■ Work task ■
With pictures left out, output exactly the lines of the listing below from the line that has "Free mp3 audio" to the line that has "Olympus America Inc", both lines kept.

-- Dataset excerpts follows --

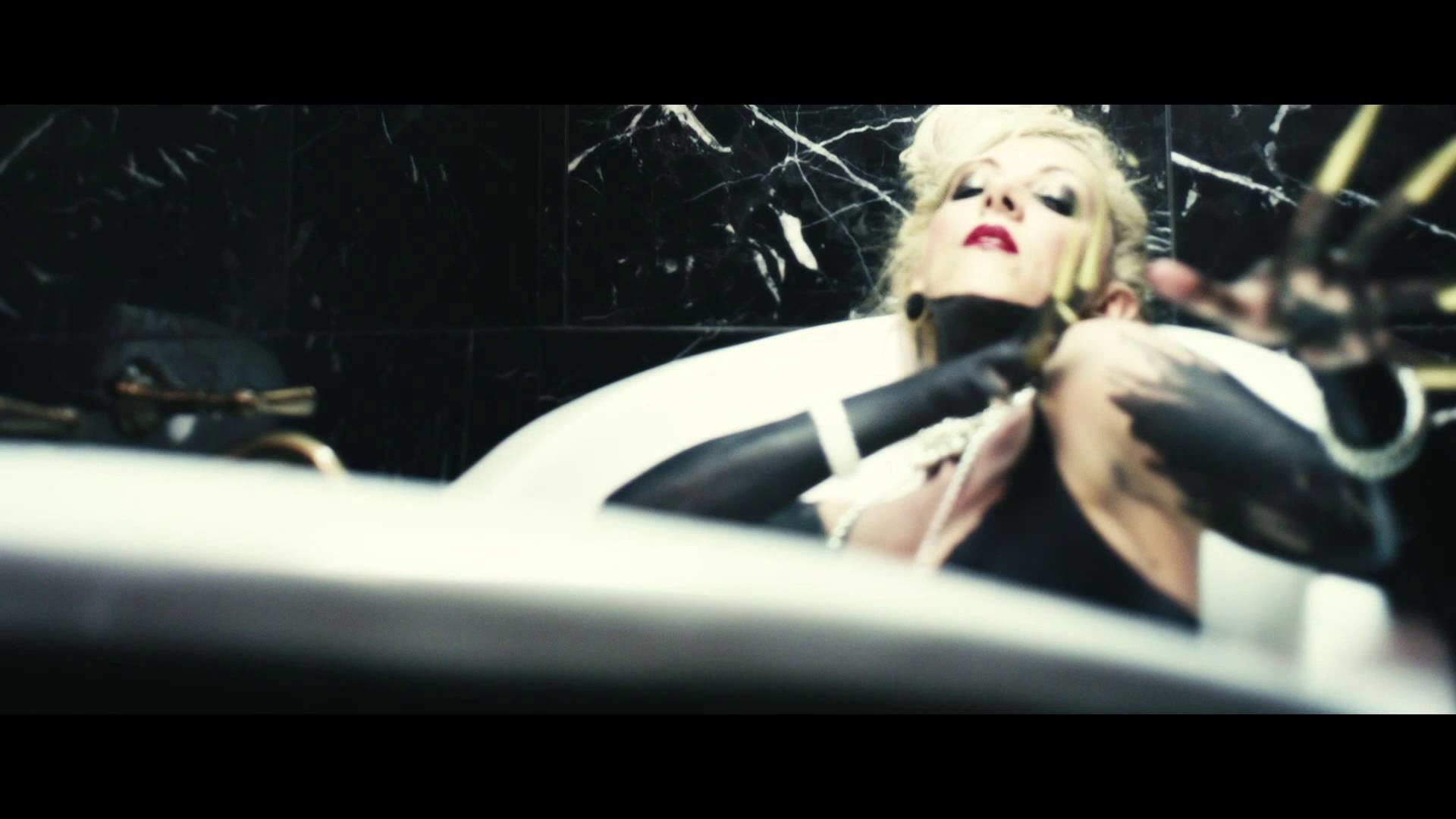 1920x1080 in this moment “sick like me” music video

-- Dataset excerpts concluded --
-- Dataset excerpts follows --

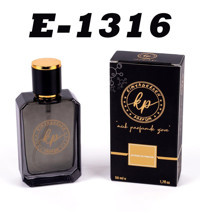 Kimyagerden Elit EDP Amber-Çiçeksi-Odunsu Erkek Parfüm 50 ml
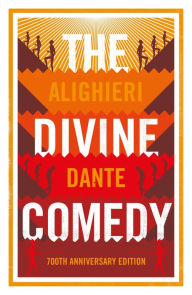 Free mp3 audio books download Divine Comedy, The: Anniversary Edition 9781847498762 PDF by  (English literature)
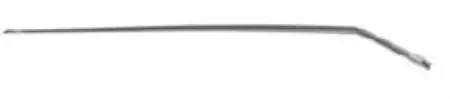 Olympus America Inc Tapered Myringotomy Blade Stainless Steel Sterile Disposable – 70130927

-- Dataset excerpts concluded --

■ Reply ■
 Free mp3 audio books download Divine Comedy, The: Anniversary Edition 9781847498762 PDF by  (English literature)
 Olympus America Inc Tapered Myringotomy Blade Stainless Steel Sterile Disposable – 70130927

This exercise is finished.